Icahn pessimistic about Trump Taj Mahal’s fate; union appeals court decision

Carl Icahn pessimistic about Trump Taj Mahal's fate; union appeals court's decision

A day after Trump Entertainment Resorts announced that it planned to keep the Trump Taj Mahal open through November, billionaire investor Carl Icahn sang a far more pessimistic tune, telling the Associated Press that the Trump Taj Mahal “will almost certainly close”. Carl Icahn pessimistic about Trump Taj Mahal's fate; union appeals court's decision

Icahn said he plans to honor his deal to acquire the casino’s debt and inject $100 million of his own funds.

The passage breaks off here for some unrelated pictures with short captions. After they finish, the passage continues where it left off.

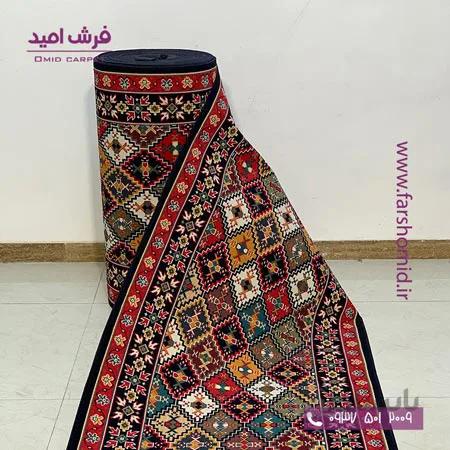 فرش کناره و گلیم پله طرح خشتی سرمه ای کد 803 گلیم وندا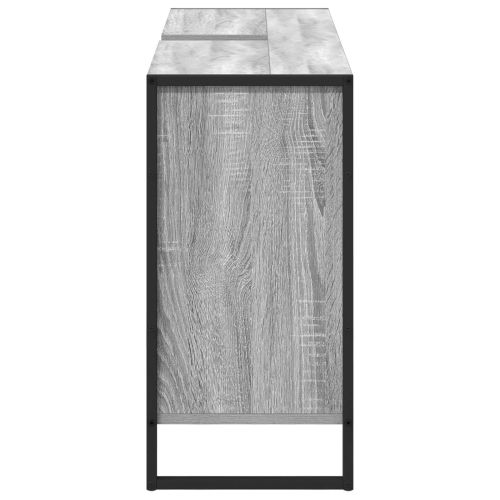 Шкаф за баня с врата Сив Сонома 90 x 30 x 60 cm Инженерно дърво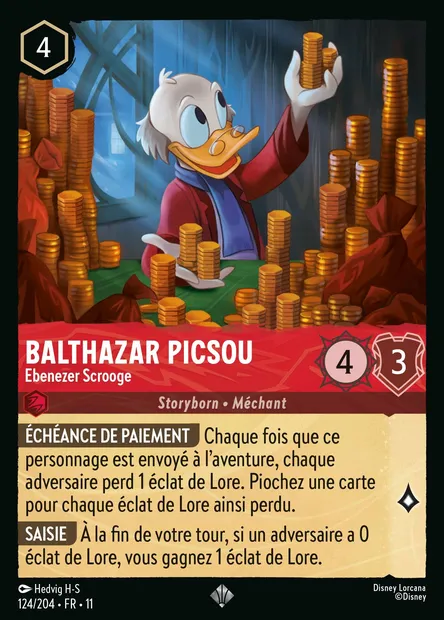 Balthazar Picsou - Ebenezer Scrooge, carte Disney Lorcana CH11-124 — extension Givresort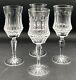 Crystal Set Of 4 Old Galway Star Cut Foot 7 1/4 Claret Wine Glasses By Galway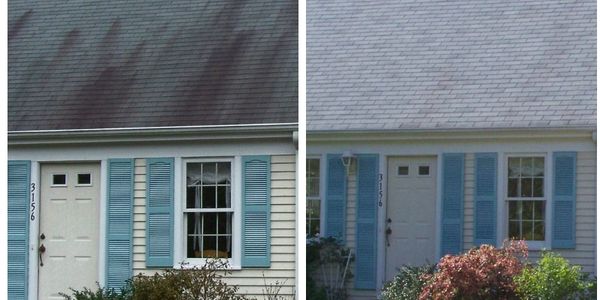 Picture of dirty roof and same roof after roof cleaned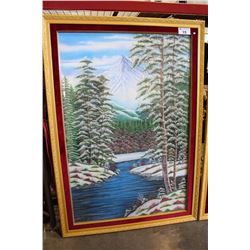 ORIGINAL SOUTH ASIAN, FRAMED GEMSTONE PAINTING, APPROX. 68'' X 48'', ORIGINAL RETAIL PRICE $7,000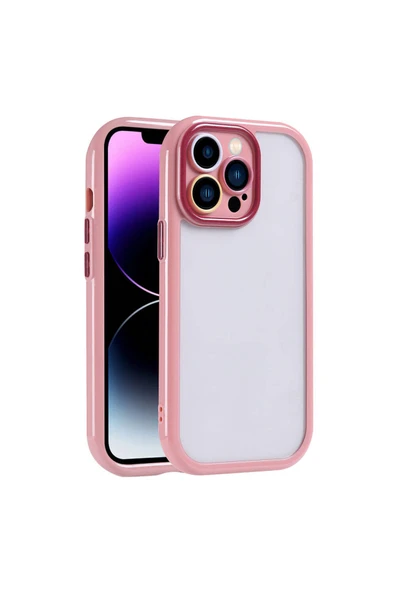 HEPTEKİLETİŞİM iPhone 14 Pro Max Kılıf Kamera Korumalı Renkli Kenar ve Çerçeve Tasarımlı HPTK Vitamin Kapak-Mürdüm ürün görseli 1
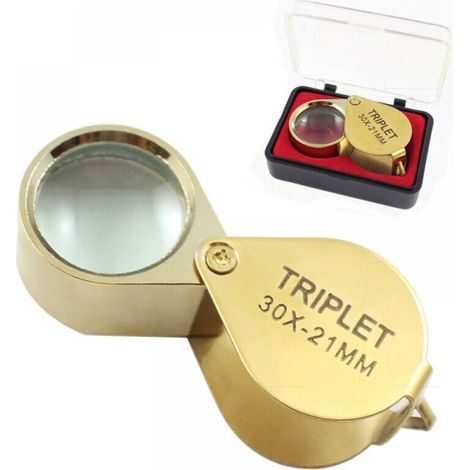 Bijoutier Eye Loupe Verre loupe 30x Loupe avec Boîtier 30x Loupe de Poche Pliable en Verre Loupe Botaniste Loupe Bijoutier 30X Loupe de Poche pour Bijoutier Horloger Lecture de Journal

But the casino is losing money hand over fist and, without a state bailout, Icahn believes that the casino will join the four other Atlantic City casinos that have closed their doors this year.

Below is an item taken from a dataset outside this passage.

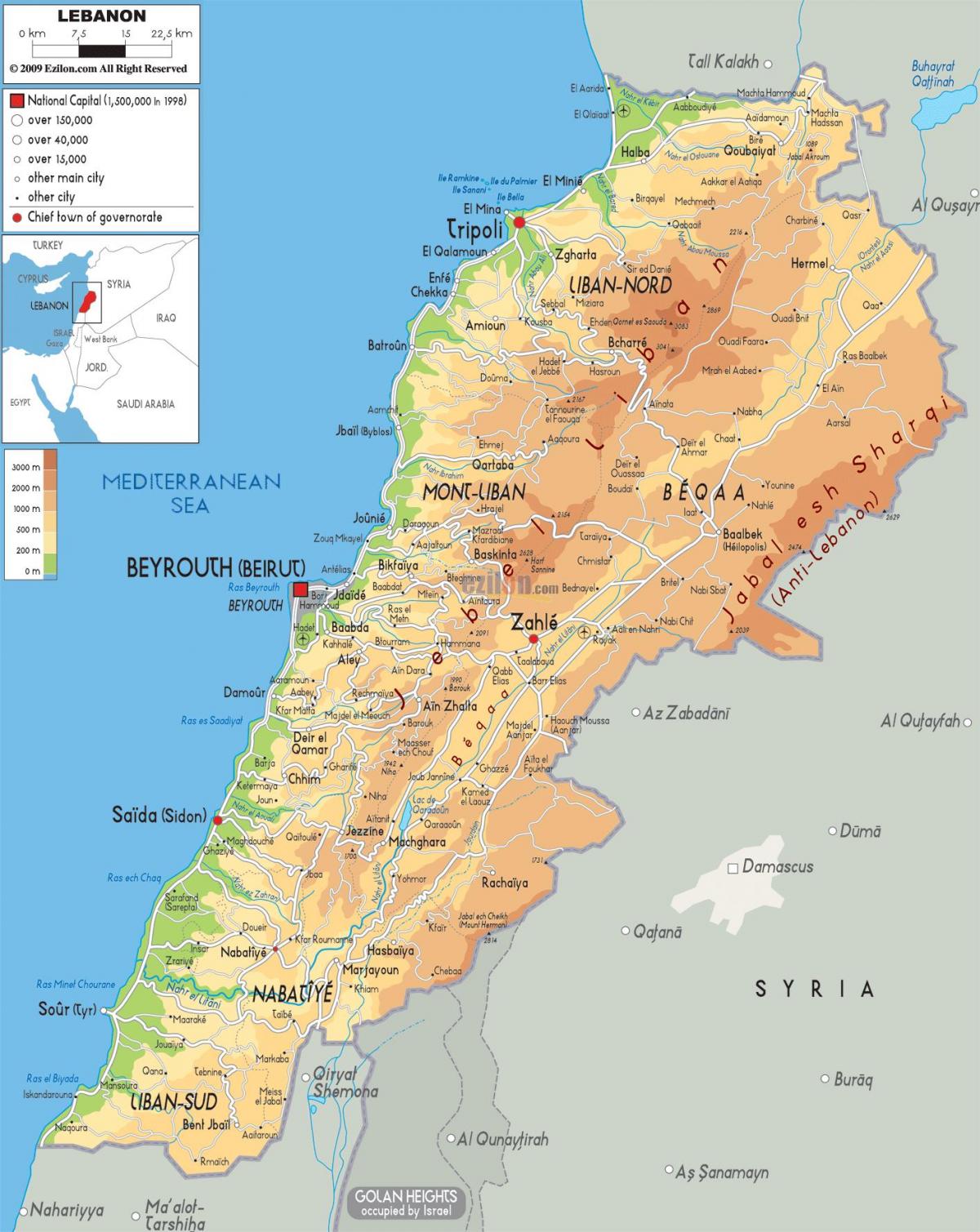 kart over Libanon fysisk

Icahn also called out the casino’s union for being short-sighted about his rescue plans. Instead of accepting the court-ordered termination of employees’ healthcare and pension plans, union members have been staging protests outside the casino’s doors. “Reprehensibly, the union, instead of working with and trying to help the company to keep the Taj alive, is instead doing everything to destroy the possibility of saving the jobs of over 3,000 employees.”

But union president Bob McDevitt painted a different picture, calling the investor’s attempts to cut off the union’s benefits a massive step backwards. “It’s really hard to know what to believe from him anymore,” McDevitt told the Associated Press.

“It’s pretty bizarre to say you want to help, when you start out as a lone wolf ripping away workers’ livelihood and dignity. Everyone else in this city and state is working together to move Atlantic City forward. You can’t start by moving thousands of people backwards.” Local 54 of the Unite-HERE union is appealing the Delaware bankruptcy judge’s decision.

Icahn insists the Taj needs government aid to the tune of $175 million just to keep afloat but that request has been rejected by state Senate President Steve Sweeney and Icahn appears resigned to bid the Taj bye-bye. “Frankly, several of my advisers have told me that if the city and the state did not come up with the money, they’d be doing me a large favor.”